Start of Given data

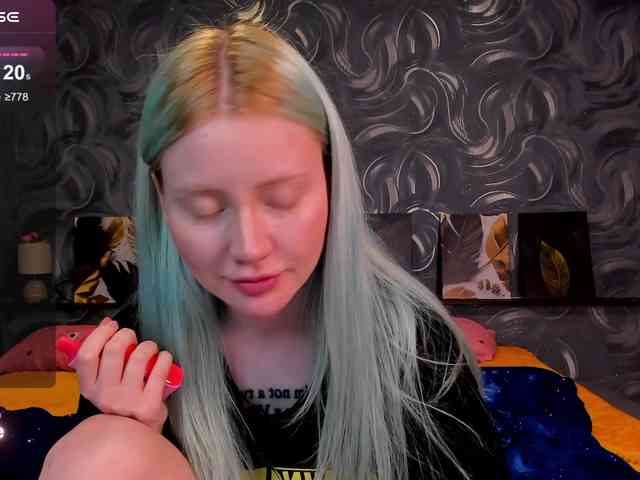 LillieBerry webcam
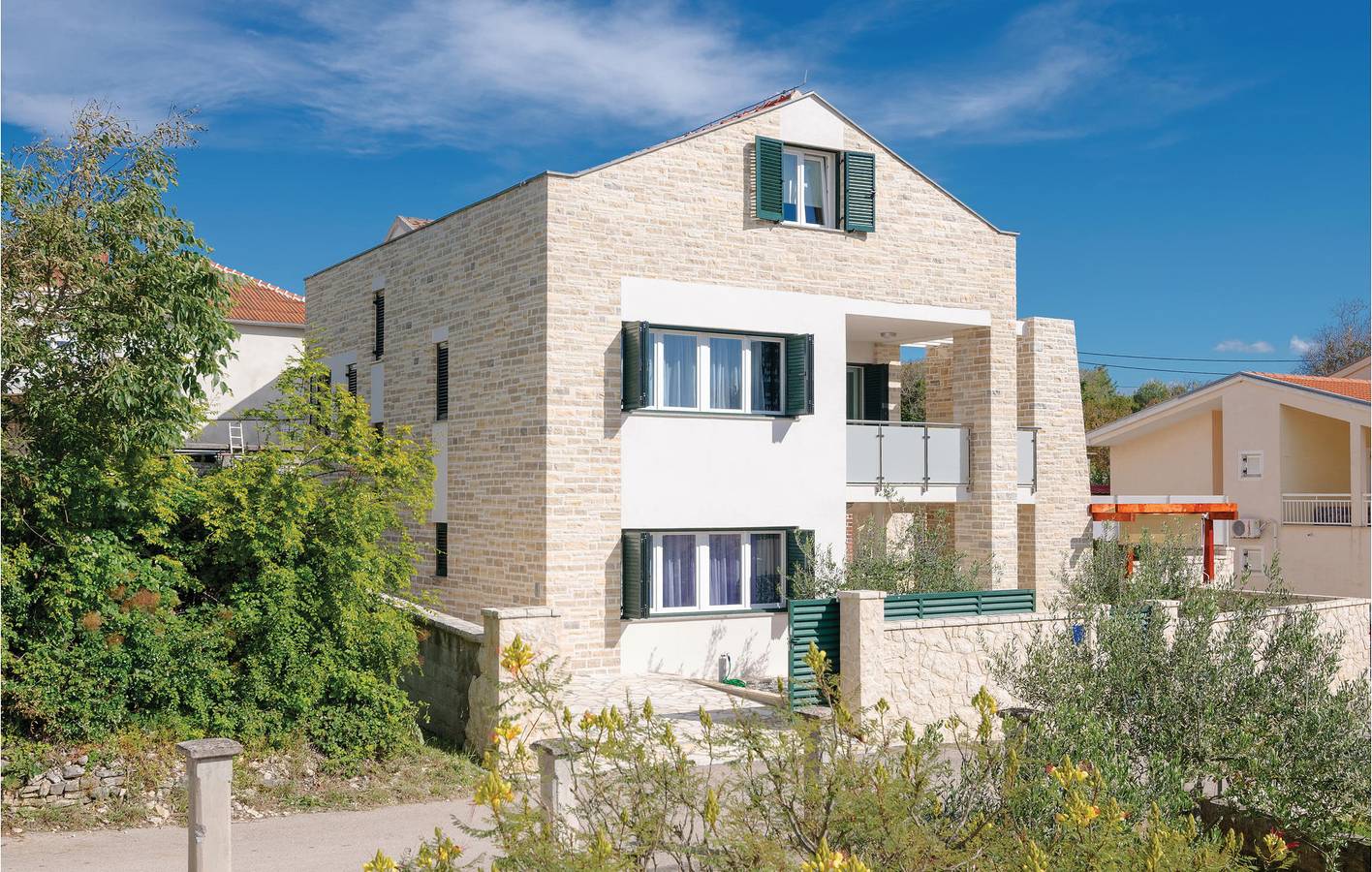 Gemütliche Ferienwohnung mit Meerblick, Terrasse und WLAN, 1,5 km von der Küste entfernt in Novigradsko More, Zadar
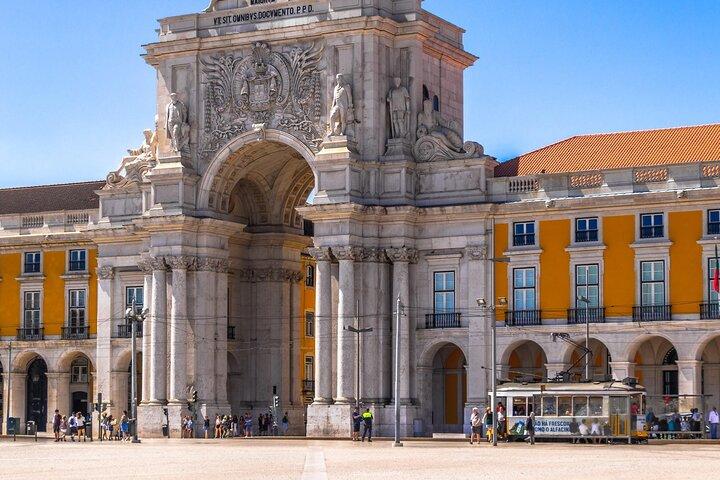 The City of the Seven Hills: Private Tour of Lisbon Highlights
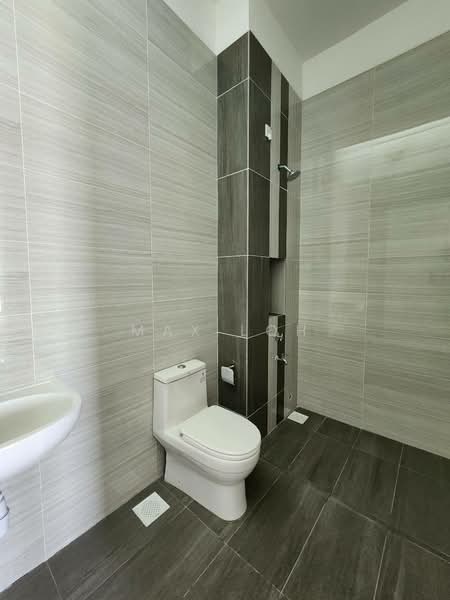 Semi-Detached House for Sale in Kulai (Johor) - Max Loh - Bathroom - PropertyGuru.com.my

End of Given data

### [Work request]
Give back an exact copy of only the lines from the one with "The City of" through the final line of the material, both included. Pictures do not belong in it.

### [Response to the task]
 The City of the Seven Hills: Private Tour of Lisbon Highlights
 Semi-Detached House for Sale in Kulai (Johor) - Max Loh - Bathroom - PropertyGuru.com.my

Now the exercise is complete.